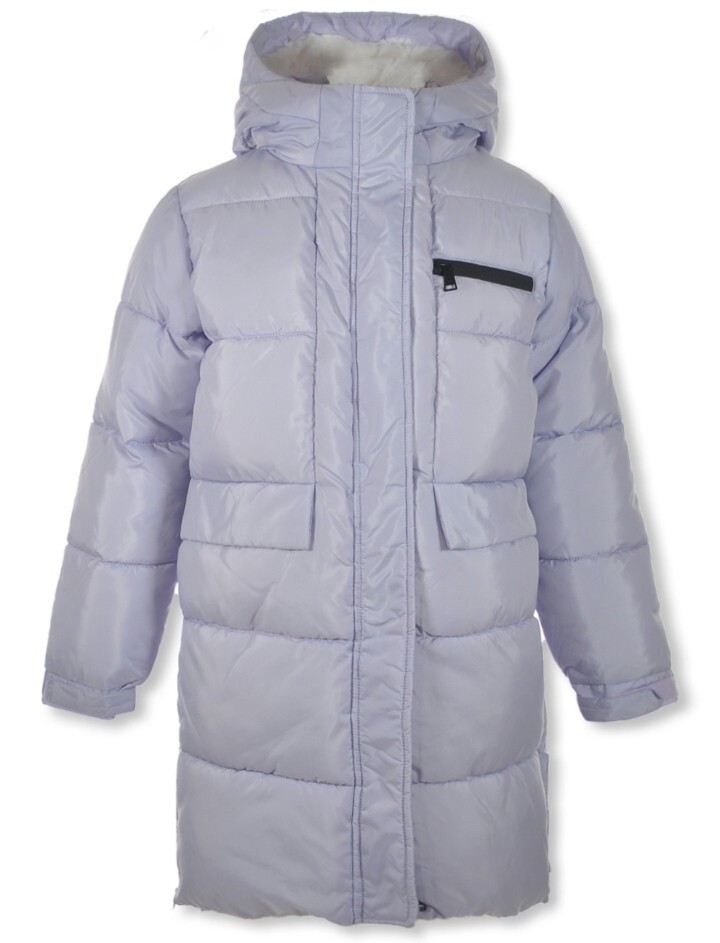 DKNY Girls Long Puffer Jacket Color lavender Size Large (14-16)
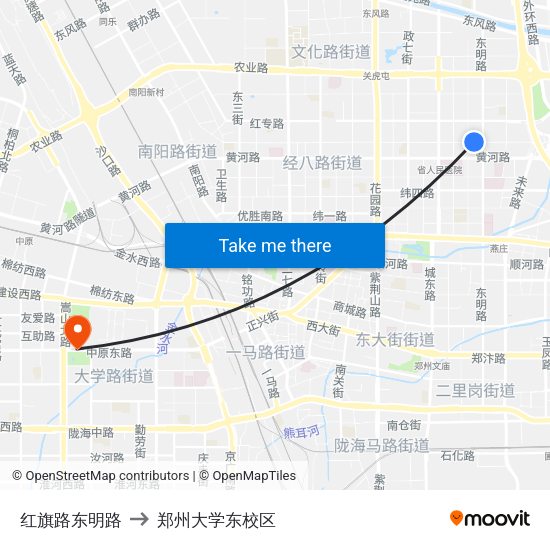 红旗路东明路 to 郑州大学东校区 map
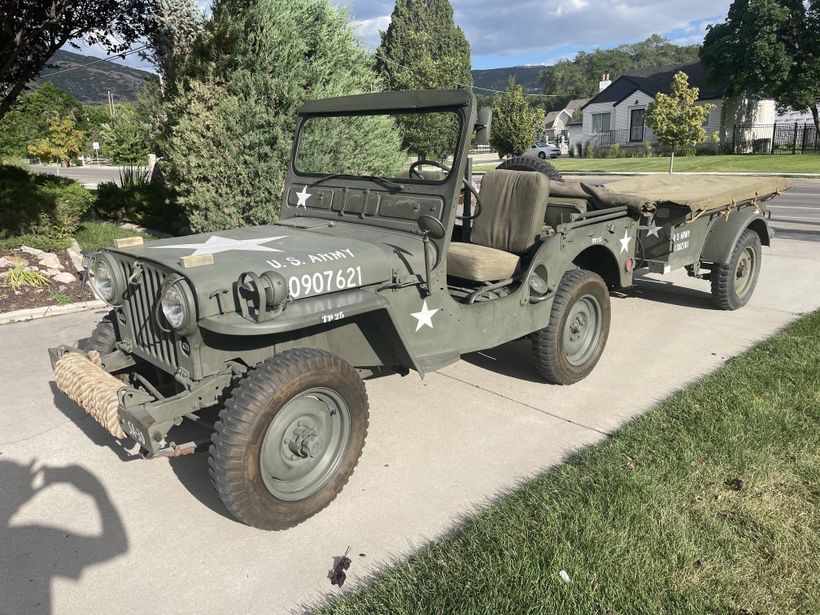 1952 Willys M38 Jeep With Matching Cargo Trailer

§ DIRECTIONS FOR THIS TASK
Give all of the material again, exactly, apart from the pictures.

§ EXERCISE RESULT
 DKNY Girls Long Puffer Jacket Color lavender Size Large (14-16)
 红旗路东明路 to 郑州大学东校区 map
 1952 Willys M38 Jeep With Matching Cargo Trailer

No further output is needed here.